I agree with you on the eytmology.


----------



## mekinking

Is it going to be an off-topic? I am sure it exists in the every day speech, if we say "tyrać" we derive (or how is the process called) from it an adjective "styrany", but still according to the norm it is not correct, so we should avoid it if we are aware of the difference between "sterany" and "styrany". Probably the so called 'uzus' (the custom?) will sooner or later dominate and become the norm, but still, should we say "poszłem" or "włanczać" because it exists in the every day speech? 
It looks like an off-top right now, sorry, but I had to present my opinion 

And how about knackered as "zmordowany" (m) "zmordowana" (f)?


----------



## majlo

Well, we are referring to _styrany/sterany _which is connected with the subject matter. I don't think it's an offtopic. 
_Styrany _can't be compared with _poszłem _and _włanczać _as the latter blatantly violate the rules of Polish.
I agree that sooner or later _styrany _will find its way to the dictionary.


----------



## mekinking

Let's say I might agree with you about the impossibility of comparing 'styrany' and 'poszłem' etc 
But still we should not present it here as a way of saying "I'm tired" as according to the dictionary it is incorrect (btw I have checked some other dictionaries, not only the Poprawnej polszczyzny 2007 one, and 'styrany' is not mentioned there or is mentioned as "nie: styrany")
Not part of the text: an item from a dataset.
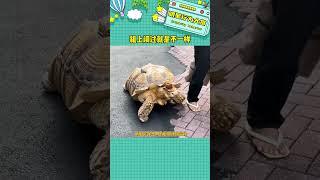 祖上闊過的就是不一樣 #鳥類#冷知識#娛樂評論大賞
Cynthia, I hope we've helped


----------



## majlo

So what it's not in the dictionary? It's not a reason whatsoever why we shouldn't use this word. And it _is _used a lot, I'd say more often than _sterany_. There are many words that are not in the dictionary, and still are used by a lot of people every day.
http://www.sjp.pl/styrany


----------



## mekinking

Well, if it's not in the dictionary, we should not advice the others to use it (by others I mean those who learn Polish etc). We might inform them that such a form exists, that they might come across it but we should not encourage them to use it instead of the correct form "sterany" (btw sjp.pl is not the best source of correctness/incorrectness to me). It's the same case as in the French verlanisation, which exists, is used but while learning French we are supposed to use the correct form "voiture" instead of the verlan "turvoi" (even if it exists in many dictionaries). You have to learn the correct form, and once you've mastered it you might go for the various forms, jargons etc.


----------



## Cynthia F

Yes - thank you everyone it's been very interesting. 

As my boyfriend is Polish, he will understand your everyday use of the word, even if it doesn't exist in the dictionary!


----------



## majlo

Cynthia F said:


> even if it doesn't exist in the dictionary!



Exactly!


----------